Реция, рыдая, закрыла лицо руками.

– Кто же сказал тебе это? – спросил Гафиз, которому скорбь Реции глубоко проникала в сердце.

– Кто мне сказал? Люди, знающие это, – бешено вскричала старая Макуса. – Ты, может быть, думаешь, что я сама выдумала все это?

– Что ты, – успокаивал Гафиз свою расходившуюся супругу, – я только спрашиваю, кто тебе это сказал?

– Дворцовый караул. Но не довольствуясь этим, я еще спросила у людей, стоявших перед дворцом. Там была одна женщина, сестра которой во дворце кое-что значит. Как же ей было не знать этого? И она подтвердила мне то же самое. Они давно уже помолвлены, потому-то он и не заботится о Реции и ребенке. Он давно домогается брака с принцессой, и та, должно быть, до безумия любит красивого молодого офицера.

Гафиз молчал.

Бедная Реция вернулась в соседнюю комнату к своему ребенку, там она легла на жесткую, соломенную постель, плакала и в отчаянии ломала руки. У нее никого теперь не было. Одинокая, покинутая, она погибла, и никакой надежды на счастье не было больше в ее сердце. Ее единственным сокровищем, наследником Сади, полюбившего другую, – был сын. Не ведая ни горя, ни страданий, он безмятежно спал возле плачущей матери.

Всю ночь Реция не могла сомкнуть глаз. Настало утро, а она все еще не спала, все еще струились слезы по ее бледным, исхудалым щекам. Но вот одна мысль внезапно овладела ею: она быстро вскочила с места, ей хотелось самой убедиться во всем. Она хотела сама услышать то, чему все еще не верила и чего не могла себе даже представить.
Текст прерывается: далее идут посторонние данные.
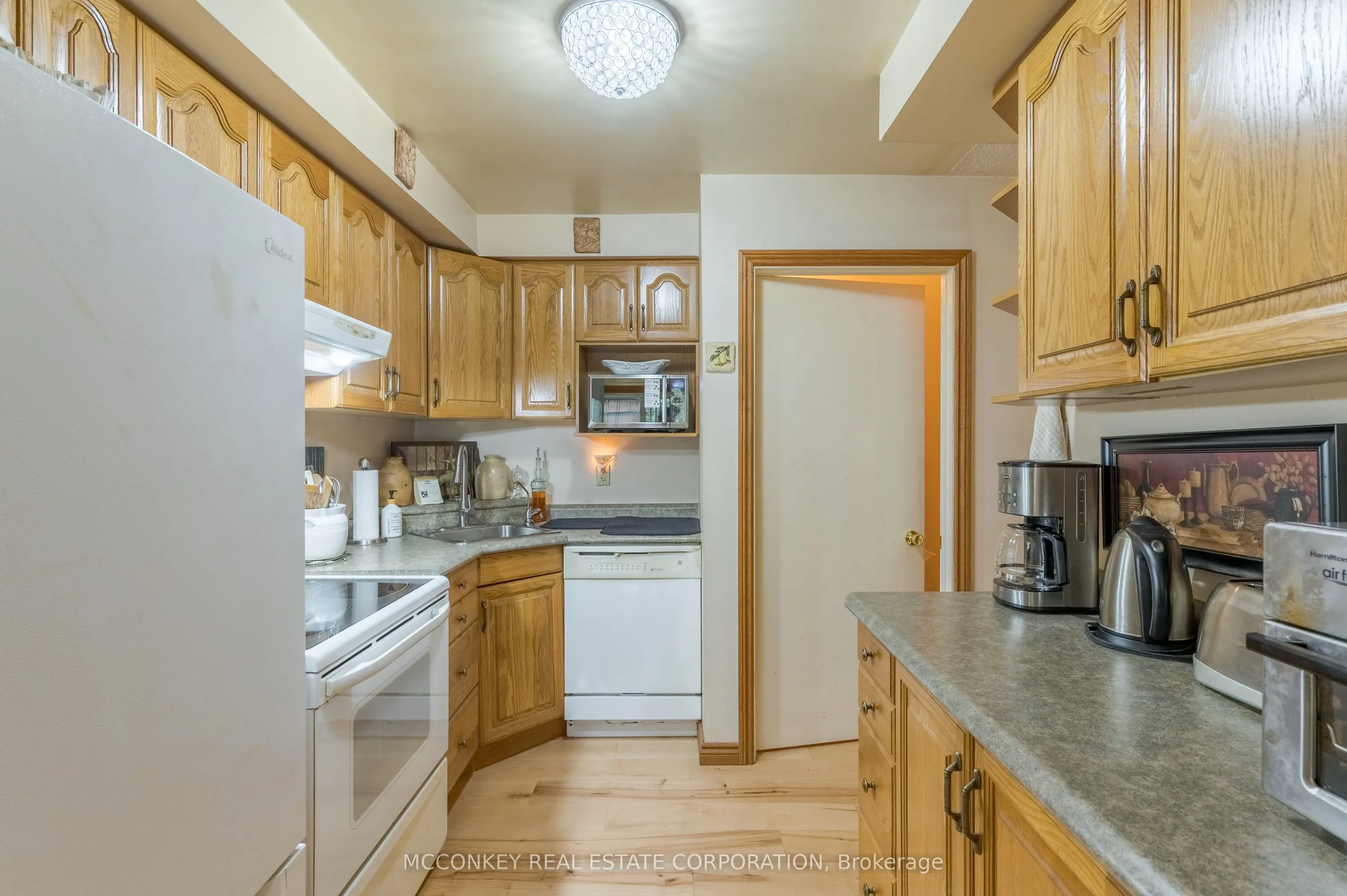 740 Chamberlain Street W, #11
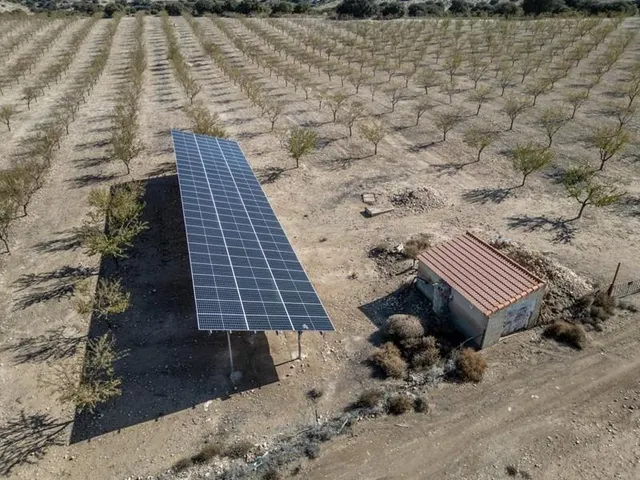IMPRESIONANTE OPORTUNIDAD DE INVERSIÓN EN ALAMEDILLA!! — 17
Она сейчас же решилась идти к Сади и спросить его, правда ли, что он хотел покинуть и отвергнуть ее. Проворно оделась она, закутала ребенка и вместе с ним оставила хижину старого Гафиза. Она отправилась в город. Старая Макуса сказала ей, где жил Сади-паша.

Солнце высоко поднялось на небе, когда она дошла до ворот Скутари, когда же она с тревожно бьющимся сердцем подошла к квартире Сади, был уже полдень, так далек был путь. Она задыхалась от волнения: одна минута должна была решить все.

Навстречу ей вышел слуга. Трепетным голосом в бессвязных словах спросила она о Сади-паше.